Только часа через два, когда отобедали и выпили свежего первака, отец признался:
– Я ведь думал – за мной, арестовать хотят за самогон этот, чтоб ему сгореть синим пламенем!
Пасечный рассмеялся, спросил:
– А что же ты к дому-то бегал? К дому и обратно в овин, – я же видел.
– Ну как же! Сноху предупредить: мол, ты знать ничего не знаешь – я один в ответе!..
История вроде смешная, но Пасечный рассказал ее без улыбки, а закончил словами горестными:
– Отец сидел за столом такой маленький, худоплечий, – я его совсем другим помнил! И он все вздрагивал этими плечами в выцветшей рубахе, васильковой какой-то, а голова рыжая… Я обнял его, чтоб не видеть, как они прыгают, плечи-то, васильки ржаные, а он вдруг всхлипнул, меня пожалел: «Седой ты, Сеня…»
Помолчал и еще добавил грубовато – Марии:
– И все тебя звал к себе. Дед ведь он твой! Ты понимаешь это?
Мария, словно о другом думая, грустно спросила:
– Хочешь, завтра уеду?
– Осенью… Осенью отпущу. А сейчас ты здесь нужна: вот, за гостем ухаживать, – он кивнул на Панина, – и мне нужна: я ведь тебя год не видел!

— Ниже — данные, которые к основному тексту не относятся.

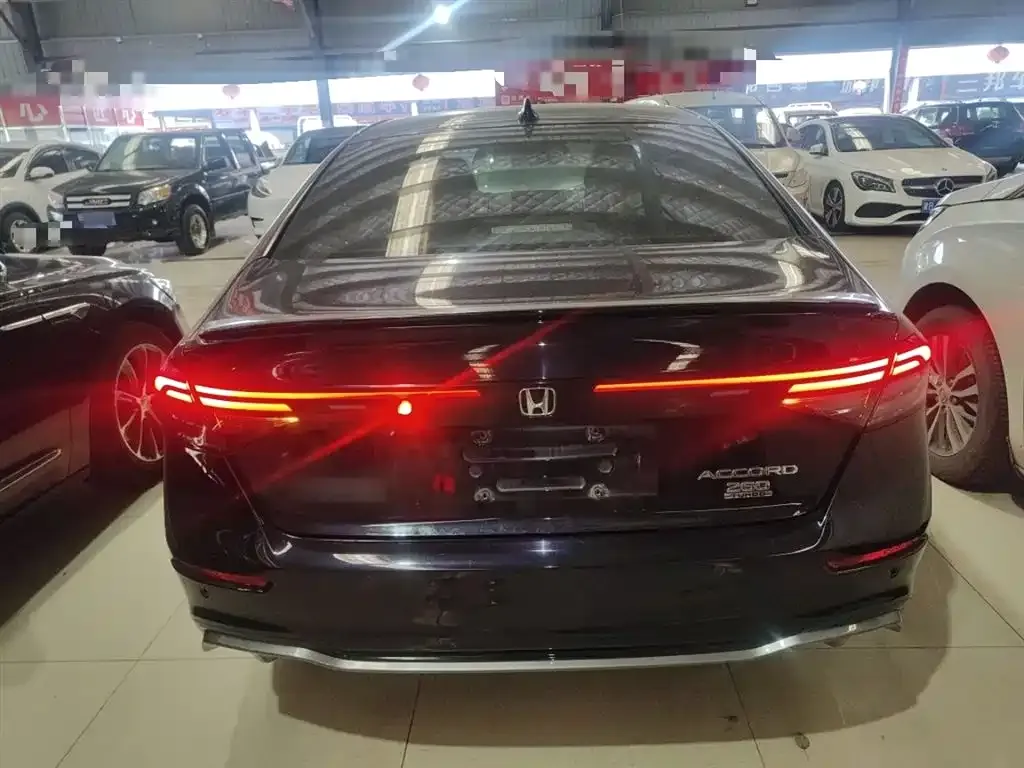 Honda Accord — фото 4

Панин вскинул было глаза протестующе, но Пасечный предупредил его властным жестом короткопалой руки: и обсуждать, мол, нечего.
А Мария, сидя на дощатых ступенях беседки, у самых ног отца, глядя в море куда-то, мечтательно проговорила:
– Хорошо как, что дедушка есть у меня…
– Дед-то, может, и есть. А отца – нету.
– Ой, папка, ну что ты говоришь! – она даже рукой прихлопнула досадливо.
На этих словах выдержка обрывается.